Six of the eight transfer RNAs coded by bacteriophage T4 are synthesized
via three dimeric precursor molecules. The sequences of two of these have been determined. Both of these precursors give rise to equimolar amounts of the cognate tRNA molecules
in vivo. In contrast, even in wild-type infections, tRNA
Ile is present in ≤ 30% the amount of tRNA
Thr, with which it is processed from a common dimeric precursor.We have now determined the sequence of this dimer. In addition to the nucleotides present in tRNA
Thr and tRNA
Ile, it contains nine precursor-specific residues, located at the 5′ and 3′ termini and at the interstitial junction of the two tRNA sequences.

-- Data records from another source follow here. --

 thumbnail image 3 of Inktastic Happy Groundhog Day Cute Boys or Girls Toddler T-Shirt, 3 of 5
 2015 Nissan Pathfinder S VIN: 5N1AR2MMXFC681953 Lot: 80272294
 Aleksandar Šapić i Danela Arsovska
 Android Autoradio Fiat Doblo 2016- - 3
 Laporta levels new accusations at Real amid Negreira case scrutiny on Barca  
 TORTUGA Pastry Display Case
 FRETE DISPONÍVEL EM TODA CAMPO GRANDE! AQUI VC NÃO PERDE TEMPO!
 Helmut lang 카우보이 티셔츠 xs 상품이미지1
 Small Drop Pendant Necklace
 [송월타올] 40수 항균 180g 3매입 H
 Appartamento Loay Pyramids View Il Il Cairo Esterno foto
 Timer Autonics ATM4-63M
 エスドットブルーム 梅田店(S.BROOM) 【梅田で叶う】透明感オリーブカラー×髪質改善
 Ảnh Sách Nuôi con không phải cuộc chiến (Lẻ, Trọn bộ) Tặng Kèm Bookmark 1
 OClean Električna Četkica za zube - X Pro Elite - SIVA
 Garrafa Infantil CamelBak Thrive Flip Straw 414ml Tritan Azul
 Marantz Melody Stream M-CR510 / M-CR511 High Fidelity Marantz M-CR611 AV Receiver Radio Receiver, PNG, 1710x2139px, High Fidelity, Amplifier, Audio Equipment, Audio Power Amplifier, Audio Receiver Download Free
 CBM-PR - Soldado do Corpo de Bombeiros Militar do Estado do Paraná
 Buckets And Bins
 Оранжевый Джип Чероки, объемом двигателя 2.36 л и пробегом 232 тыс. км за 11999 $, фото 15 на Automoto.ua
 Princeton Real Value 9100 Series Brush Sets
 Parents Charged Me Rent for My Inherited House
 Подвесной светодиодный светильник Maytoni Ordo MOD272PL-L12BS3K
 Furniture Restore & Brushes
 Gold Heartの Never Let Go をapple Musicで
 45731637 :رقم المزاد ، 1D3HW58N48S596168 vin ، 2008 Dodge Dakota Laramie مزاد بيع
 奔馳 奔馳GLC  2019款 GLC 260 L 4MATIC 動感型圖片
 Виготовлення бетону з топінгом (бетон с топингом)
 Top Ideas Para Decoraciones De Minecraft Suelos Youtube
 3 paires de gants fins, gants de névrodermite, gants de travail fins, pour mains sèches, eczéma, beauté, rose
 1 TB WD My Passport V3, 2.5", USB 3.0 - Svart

While the three dimers share the majority of structural features in common, pre-tRNA
Thr + Ile is the only case in which an encoded tRNA 3′ -C-C-A terminus is present in the interstitial region.The processing of this dimer in various biosynthetic mutants has been analyzed
in vivo and
in vitro and shown to be anomalous in several respects. These results suggest that the apparent underproduction of tRNA
Ile can be explained by a novel processing pathway that generates a metabolically unstable tRNA
Ile product. Data from DNA sequence analysis of the T4 tRNA gene cluster (Fukada & Abelson, 1980) support the conclusion that the asymmetric maturation of this precursor is a consequence of the unique disposition of the -C-C-A sequence. These results argue that gene expression can be modulated at the level of RNA processing. The biological significance of this phenomenon is discussed in relation to evidence that tRNA
Ile has a unique physiological role.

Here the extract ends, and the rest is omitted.